When I found this homemade cassette in the Anniston, Alabama Goodwill Thrift Store, I knew I had to spend 50 cents for it. A music lover taped this radio broadcast of a syndicated special detailing the "Paul Is Dead" phenomenon off the air. The program probably dates from the late 70s, if the presence of Foreigner's 1977 debut album on the tape's b-side is anything to go by. Surely the program's writers had tongue firmly in cheek when creating the script, which collects all the "death clues" which had been circulating since '69, and adds a few new ones to the mix. John Lennon's assassination finally put a stop to this nonsense, but somehow it was a better time when we had to make up dead Beatles to obsess about.

- Perry Amberson

TT-36:54 / 8.4MB / 32kbps 22khz (MONO)


(Image courtesy of Perry Amberson)

John Davison writes:
The incidental music from 0m00s through 0m53s on the "Is Paul Dead?" cassette (Entry #279 in the _365_Days_ project) is the "Dororo" track from Isao Tomita's classic album, _The_Bermuda_Triangle_ (Tomita's finest 1970s work, IMHO).

Byzcath writes:
After listening to the Paul is dead thing, all the stuff the announcer talked about really did float about. I remember putting the LPs on reel-to-reel tapes, turning the tape around and listening to all that backwards garbage that resulted, just waiting for those clues (I was 15-16 at the time and the Beatles were my life!).
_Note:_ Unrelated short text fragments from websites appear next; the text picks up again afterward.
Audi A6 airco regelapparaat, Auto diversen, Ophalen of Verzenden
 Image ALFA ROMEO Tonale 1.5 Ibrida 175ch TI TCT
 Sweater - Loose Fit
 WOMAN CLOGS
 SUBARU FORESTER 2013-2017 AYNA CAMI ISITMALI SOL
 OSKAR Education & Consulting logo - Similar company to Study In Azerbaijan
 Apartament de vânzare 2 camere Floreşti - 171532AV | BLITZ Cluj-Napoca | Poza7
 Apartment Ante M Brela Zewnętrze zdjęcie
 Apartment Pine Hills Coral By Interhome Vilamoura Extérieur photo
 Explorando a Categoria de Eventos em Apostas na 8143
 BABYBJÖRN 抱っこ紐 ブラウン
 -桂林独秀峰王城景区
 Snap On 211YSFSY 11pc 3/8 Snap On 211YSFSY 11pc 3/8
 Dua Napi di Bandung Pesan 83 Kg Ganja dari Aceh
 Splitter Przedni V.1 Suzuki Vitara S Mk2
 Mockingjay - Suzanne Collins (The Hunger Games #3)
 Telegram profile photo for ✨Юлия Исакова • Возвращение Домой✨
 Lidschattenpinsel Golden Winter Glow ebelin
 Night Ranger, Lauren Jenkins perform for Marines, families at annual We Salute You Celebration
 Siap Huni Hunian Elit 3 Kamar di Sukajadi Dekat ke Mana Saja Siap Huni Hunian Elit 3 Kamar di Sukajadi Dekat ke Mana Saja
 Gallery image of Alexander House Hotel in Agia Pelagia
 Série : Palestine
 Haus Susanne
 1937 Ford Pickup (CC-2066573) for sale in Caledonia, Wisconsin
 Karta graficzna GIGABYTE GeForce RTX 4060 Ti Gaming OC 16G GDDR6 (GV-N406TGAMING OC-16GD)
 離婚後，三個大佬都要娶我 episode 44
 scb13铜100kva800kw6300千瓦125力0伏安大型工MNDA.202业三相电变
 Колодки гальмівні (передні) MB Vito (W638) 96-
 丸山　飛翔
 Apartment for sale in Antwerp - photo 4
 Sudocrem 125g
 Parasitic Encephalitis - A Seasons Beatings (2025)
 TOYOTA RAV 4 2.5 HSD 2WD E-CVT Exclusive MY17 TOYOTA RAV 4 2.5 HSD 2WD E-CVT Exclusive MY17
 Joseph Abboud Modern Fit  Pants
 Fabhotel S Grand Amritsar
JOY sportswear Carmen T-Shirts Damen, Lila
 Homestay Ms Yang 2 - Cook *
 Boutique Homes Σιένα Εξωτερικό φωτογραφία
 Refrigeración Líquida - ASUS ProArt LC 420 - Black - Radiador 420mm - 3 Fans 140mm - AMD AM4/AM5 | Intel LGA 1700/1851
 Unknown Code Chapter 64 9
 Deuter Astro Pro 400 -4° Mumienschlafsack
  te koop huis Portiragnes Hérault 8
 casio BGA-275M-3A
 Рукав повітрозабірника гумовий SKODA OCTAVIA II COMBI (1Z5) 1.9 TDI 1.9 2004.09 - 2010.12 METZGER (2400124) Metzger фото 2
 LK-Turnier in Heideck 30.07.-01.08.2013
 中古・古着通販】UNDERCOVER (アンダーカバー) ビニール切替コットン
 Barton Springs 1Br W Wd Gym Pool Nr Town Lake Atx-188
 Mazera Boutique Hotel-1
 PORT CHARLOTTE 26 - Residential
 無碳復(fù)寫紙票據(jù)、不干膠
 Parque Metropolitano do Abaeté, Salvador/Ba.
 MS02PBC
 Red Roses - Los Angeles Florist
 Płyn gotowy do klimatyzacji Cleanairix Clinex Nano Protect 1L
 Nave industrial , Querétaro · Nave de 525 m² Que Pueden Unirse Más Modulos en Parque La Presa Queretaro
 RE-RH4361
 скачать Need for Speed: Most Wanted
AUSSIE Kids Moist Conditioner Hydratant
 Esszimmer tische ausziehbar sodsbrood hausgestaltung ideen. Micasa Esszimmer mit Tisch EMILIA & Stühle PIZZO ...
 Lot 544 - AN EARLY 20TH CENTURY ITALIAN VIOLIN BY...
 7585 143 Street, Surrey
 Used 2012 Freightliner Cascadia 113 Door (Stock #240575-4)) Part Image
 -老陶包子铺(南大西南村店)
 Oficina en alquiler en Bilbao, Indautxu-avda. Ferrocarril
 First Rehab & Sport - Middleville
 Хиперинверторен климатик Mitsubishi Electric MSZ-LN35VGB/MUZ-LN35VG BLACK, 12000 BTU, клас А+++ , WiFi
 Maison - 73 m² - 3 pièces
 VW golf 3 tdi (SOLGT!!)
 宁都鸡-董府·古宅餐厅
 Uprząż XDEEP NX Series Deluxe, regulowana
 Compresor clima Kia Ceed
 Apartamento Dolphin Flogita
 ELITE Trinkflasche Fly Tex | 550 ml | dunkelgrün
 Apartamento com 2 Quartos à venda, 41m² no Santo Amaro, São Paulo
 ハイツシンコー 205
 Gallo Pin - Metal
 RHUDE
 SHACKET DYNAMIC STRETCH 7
I think I have a magazine from that time devoted to the subject. There is a book out called "The Walrus Was Paul" that deals with the subject. Considering how sappy Paul's music and lyrics got after the Beatles split, in the '70's someone was quoted as saying: "I've heard Paul's records: I think he really IS dead."

Bob Purse writes:
The rumor was started by a couple of DJ's in the US, following the release of Abbey Road, in 1969. One of them (several years later) subsequently admitted having made the whole thing up. Most likely due to the fact that Paul had retreated from the Beatles' collapse as a group at that moment (and was therefore not very visable to the world), the rumors caught fire, with people coming up with all sorts of other "clues". There has never, even 34 years later, been any evidence that the Beatles were involved - certainly, in that time, if they had been involved, SOMEONE would have spilled the beans. It's all perception, anyway. I've seen a list of clues written by someone who was trying to show how Beatles lyrics/album covers could just as easily be manipulated to support a rumor that John had gone blind!

mcknigs writes:
I read somewhere that as a young college DJ, Fred "Too Slim" LaBour, later of the PBS radio singing cowboy group Riders in the Sky, was one of the DJs responsible for giving the Paul-is-Dead hoax a big push.

Jef Stevens writes:
Fred LaBour (aka the bass player "Too Slim" from Riders in the Sky) was indeed one of the primary people behind the hoax, but he was not a DJ. He was working at the Michigan Daily, a newspaper at the University of Michigan, when he heard a DJ named Russell Gibb at WKNR FM in Detroit who was talking about the "Paul is Dead" thing, which at that time had not spread very far and was obviously a joke. Mr. LaBour had been assigned the job of reviewing "Abbey Road" when he heard that show and invented many more "clues." Even though it was not the first article about Paul's rumored death, LaBour's article in the was important because it fleshed out several aspects of the story. Many of the elements of the rumor that have been repeated countless times were products of LaBour's imagination. He created the identity of Paul's replacement, William Campbell, and he asserted the walrus was an image of death, stating "'Walrus' is greek for corpse." The article was called "McCartney Dead: New Evidence Brought To Light." and was published on October 14, 1969. John Lennon once revealed in an interview that they thought the whole concept of backwards masking was pretty funny, and they tried it once as a joke. Apparently in the song "Girl" there is a backwards message of the Beatles chanting "TIT, TIT, TIT..." but that was the extent of their involvement in anything of that sort.